A good theme for this trip. A friend of mine just texted me(free for incoming, 35 cents for each outgoing text). Her text read: "Thinking a lot about surrender and intention." Her text was a gift to me - a reminder of my own journey. My own intentions. And ultimately, the courage to give them up and let the universe do it's thing.
I can feel the pressure of being an inspiration to people – near and far. I don’t mind mostly. I chose it, boasting about going away for “a month” to my customers and strangers while at work. I wasn’t really bragging. The trip just provided casual fodder for conversations that needed an injection of excitement.
I'm a bartender. A storyteller. It's my job to keep people engaged and interested. (and drunk, but that's the easy part.)
Good stories are essential to the job.
I've been planning Mexico for months. The story had chapters. Some people were supportive. Others not so much, saying things like, "Mexico? Well, don't get kidnapped down there." or "Bring a mask." In my final days before the trip, I was anxious to start the next part - PART 2....the trip.
Shall we go?
I am here in Tulum – finally. I arrived on Monday after a long day of travel. To save money, I opted for the Super Shuttle to the airport in NY. For $27, I got a ride to Newark with 11 strangers. The van was full when it got to me, so I sat up front with the driver. Although it was 5:30 in the morning, it struck me funny that I was sharing such close quarters with people, some of whose faces I never saw as my back was to them for the entire ride.
I landed in Tulum and was to be picked up by Gilberto, the caretaker of Brian and Gina’s apartment, where I’m staying. I met Gilberto only once and couldn’t recall his face, but thankfully, he had a sign with my name and we were on our way down to Tulum.

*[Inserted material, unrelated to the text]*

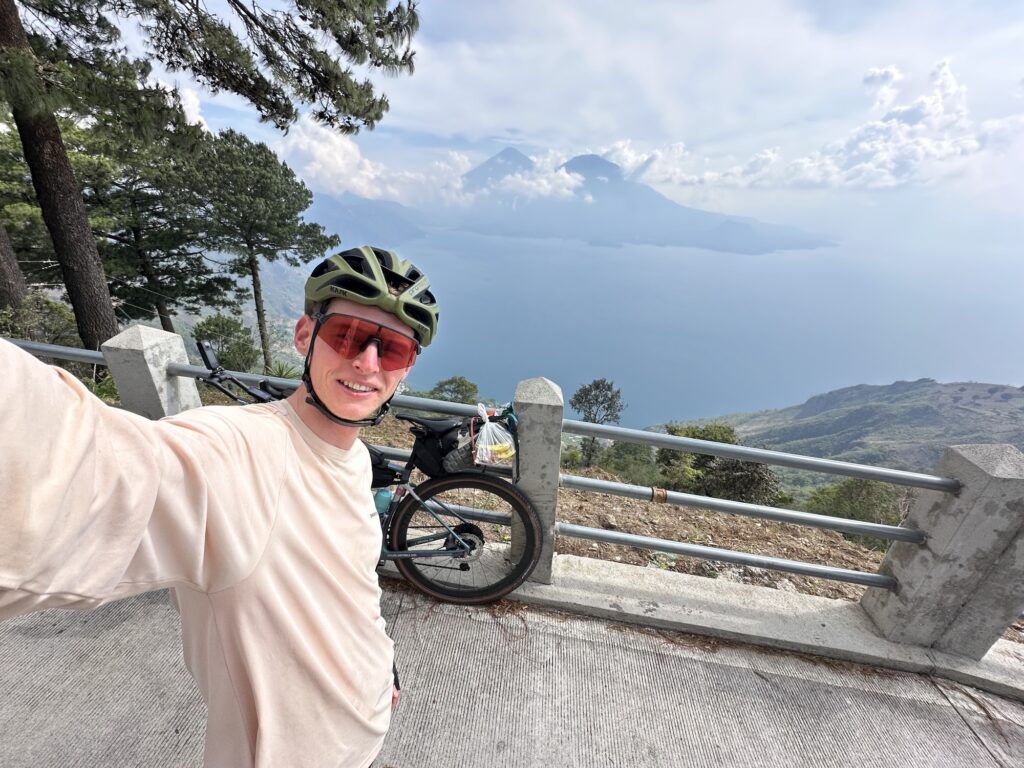 Expedition cyclist on the open road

Cancun is about 90 miles north of Tulum. Playa Del Carmen sits in-between. Playa serves as the “city” to those that live south. It’s built up over the years and many people in Tulum fear that it’s a preview of what will come in a few years to their sleepy town. Convenience-wise, Playa is great.

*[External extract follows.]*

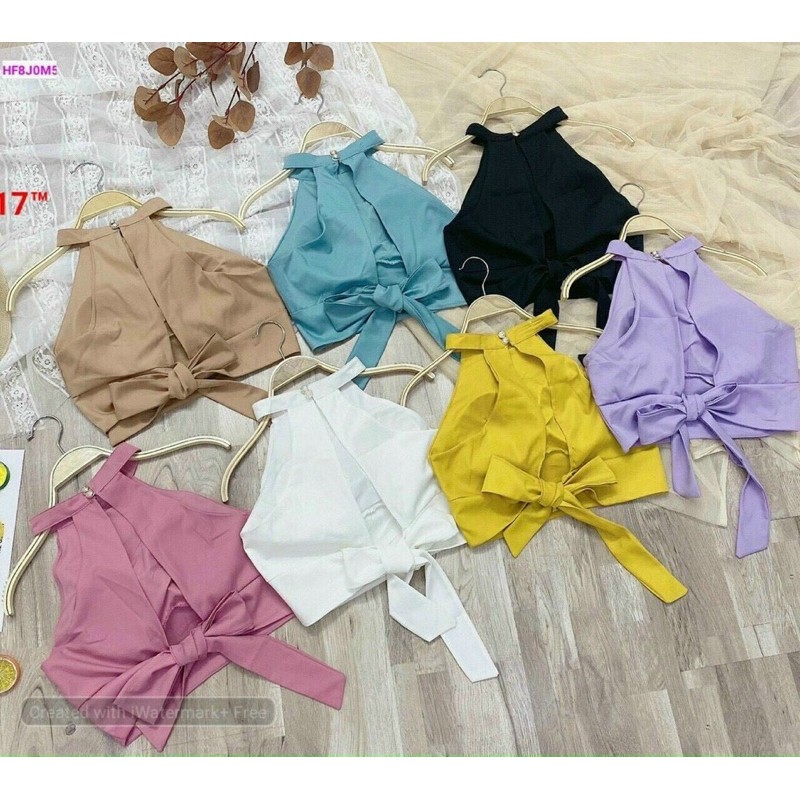 Áo kiểu yếm cài nút cổ sau buộc nơ xinh có kèm mút ngực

There’s a Walmart which makes the American version look like an outpost. Walmart here, is huge! It’s got everything, including produce and fresh meats and fish. Gilberto suggested we stop and pick up some stuff for the condo. I was grateful to have a Spanish-speaking person with me to translate some of the labels and answer my questions about some of the local fare.

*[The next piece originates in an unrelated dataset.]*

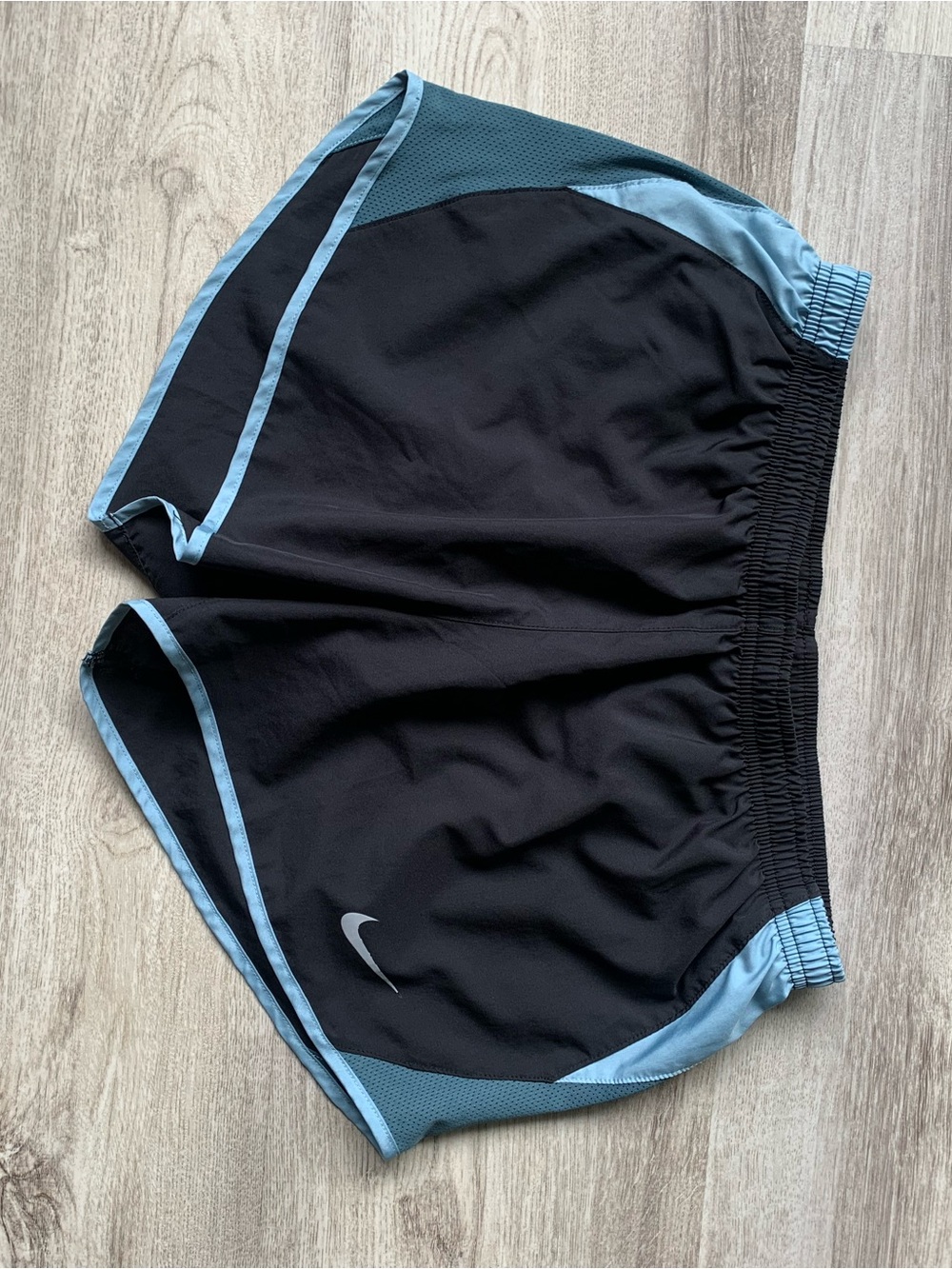 Nike Black and Light Blue Athletic Running Shorts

After Walmart, we continued down to Tulum. Gilberto is a wonderful person. He’s very smart and his English is really good. We spoke easily throughout the trip and he’s a great audience for my humor, so there were a lot of laughs as well. He’s married to Priscilla and they take care of a few of the condos here in Tulum. He and his wife are a jack/jill of all trades. He transports people to and from the airport, the market, the beach. She teaches Spanish, cleans, irons. It’s a great thing they have going.
Arriving at the condo was mixed for me. The last time I was here, I stayed in a different apartment which faced the pool. I liked it because I felt connected to what was going on around me with the others and it was an easy way to socialize without really trying.
Brian and Gina’s place faces the back part of the property, which is much more isolated. However, it’s decorated really well and there’s a warm energy in the apartment, so walking inside, I was glad to be there.
It was blazing hot outside, so I was thankful for the modern amenities like air conditioning and ceiling fans. I bid Gilberto good-bye and unpacked my groceries and clothes. I wasn’t as excited as I thought I would be. I kept trying to find the joy that I felt the last time I arrived in Tulum, but all I felt was apprehension. The noise in my head translated to, “What the hell am I thinking? A month? What am I going to do for a month?” This would quickly become my new mantra.
I know myself. It takes me a minute to adapt, but once I do, I’m golden. Even when I was a kid, I’d go to camp and spend the first week crying and missing home so badly that I thought I wouldn’t make it through the month. Once the month was over, I’d spend the car ride home crying because I would miss my new friends so much. I decided to counter the mantra with another one, “I will be fine.”